*Your goal*. Your answer must be an exact transcription of the data, with every picture omitted.

===== Extracted records =====

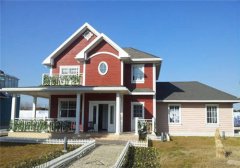 輕鋼別墅，未來住宅行業的一匹黑馬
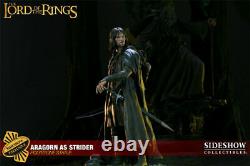 Sideshow ARAGORN STRIDER Exclusive Statue Lord Of The Rings 478/550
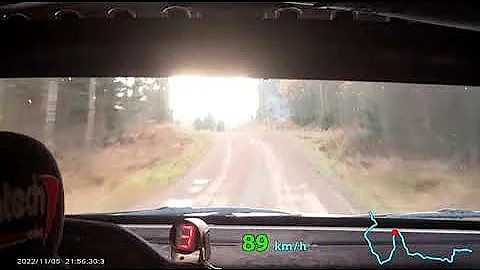 Novembersklden 2022 ss3, David Lindstrm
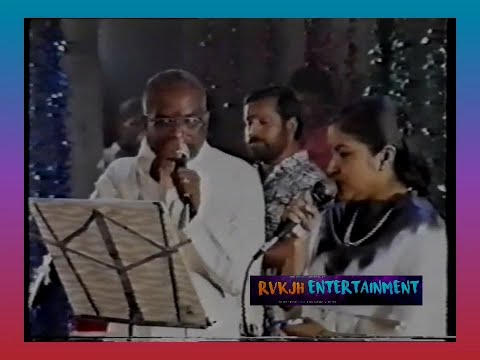 Netru Orutharai Ortharai-Gangai Ameran &K.S.Chithra -Live programme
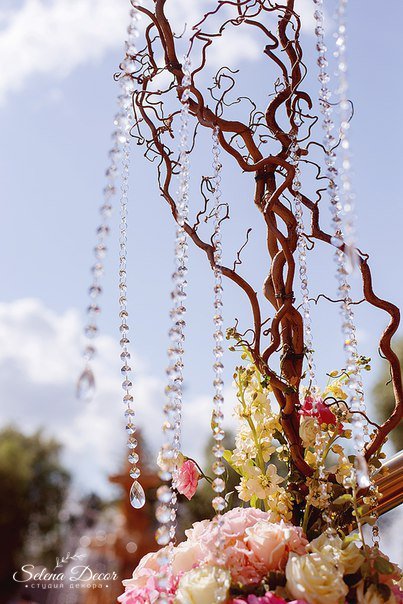 Свадьба Екатерины и Павла. Июнь 2015&nbsp;SELENA Wedding Decor : 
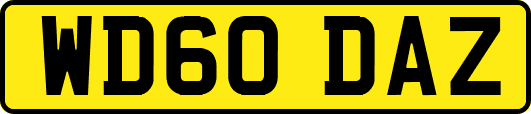 WD60DAZ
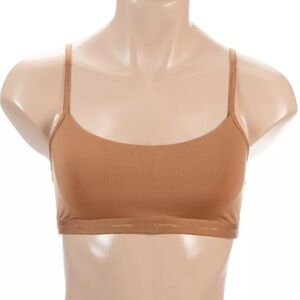 Calvin Klein Form to Body Unlined Bralette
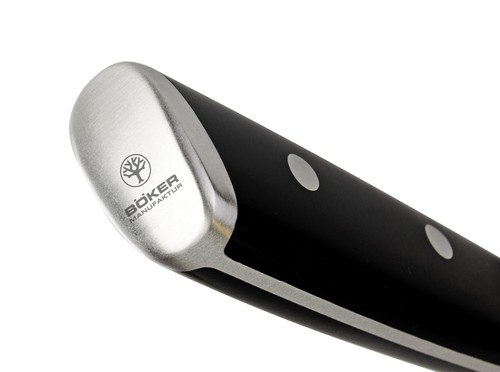 Boker Manufacture Forge Santoku Chef's Knife 29.3cm - Picture 3 of 3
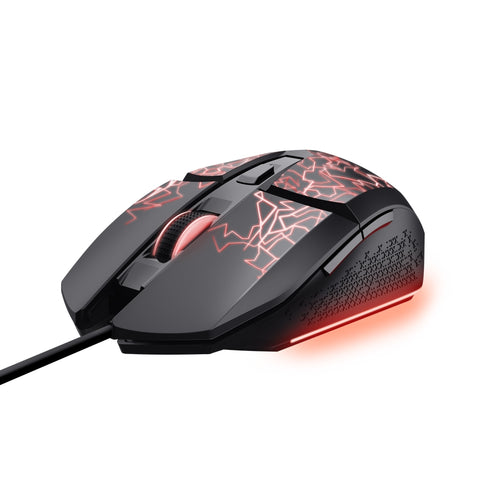Мишка TRUST GXT113 Felox LED Gaming Mose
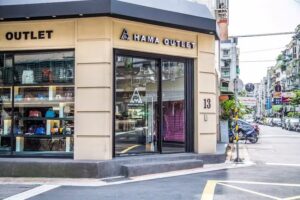 HAMA Boutique 亞瑪精品-仁愛outlet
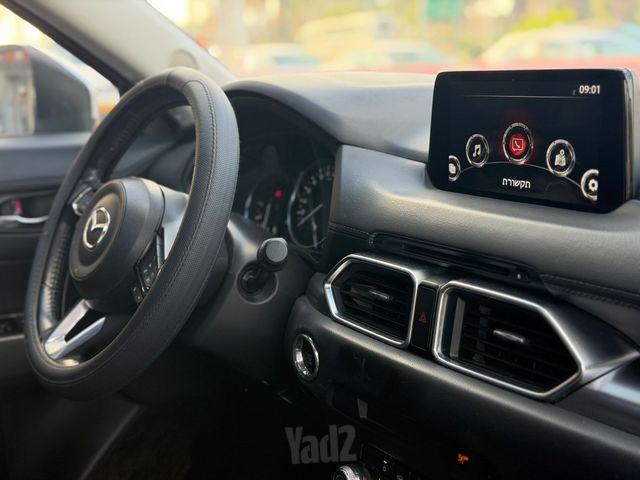 מאזדה CX-5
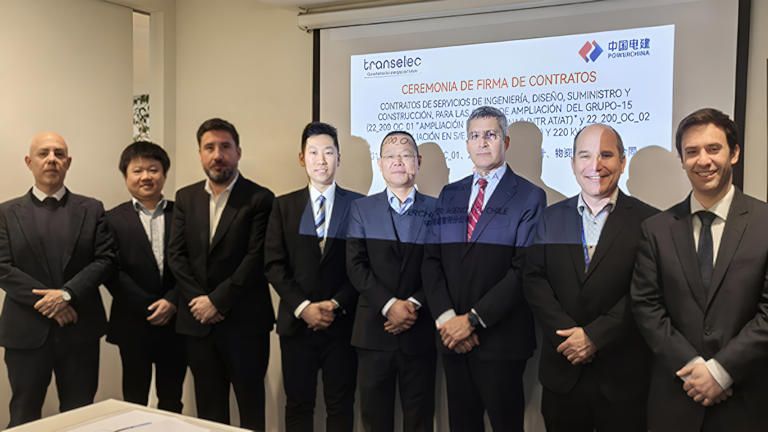 POWERCHINA Chile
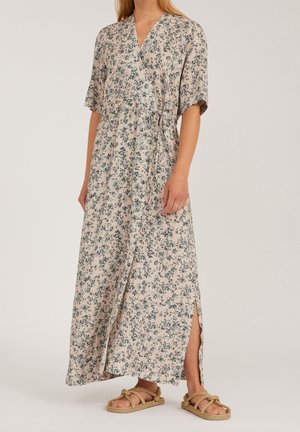 ARMEDANGELS Vestido largo - beige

=====

*Solved problem*.
 輕鋼別墅，未來住宅行業的一匹黑馬
 Sideshow ARAGORN STRIDER Exclusive Statue Lord Of The Rings 478/550
 Novembersklden 2022 ss3, David Lindstrm
 Netru Orutharai Ortharai-Gangai Ameran &K.S.Chithra -Live programme
 Свадьба Екатерины и Павла. Июнь 2015&nbsp;SELENA Wedding Decor : 
 WD60DAZ
 Calvin Klein Form to Body Unlined Bralette
 Boker Manufacture Forge Santoku Chef's Knife 29.3cm - Picture 3 of 3
Мишка TRUST GXT113 Felox LED Gaming Mose
 HAMA Boutique 亞瑪精品-仁愛outlet
 מאזדה CX-5
 POWERCHINA Chile
 ARMEDANGELS Vestido largo - beige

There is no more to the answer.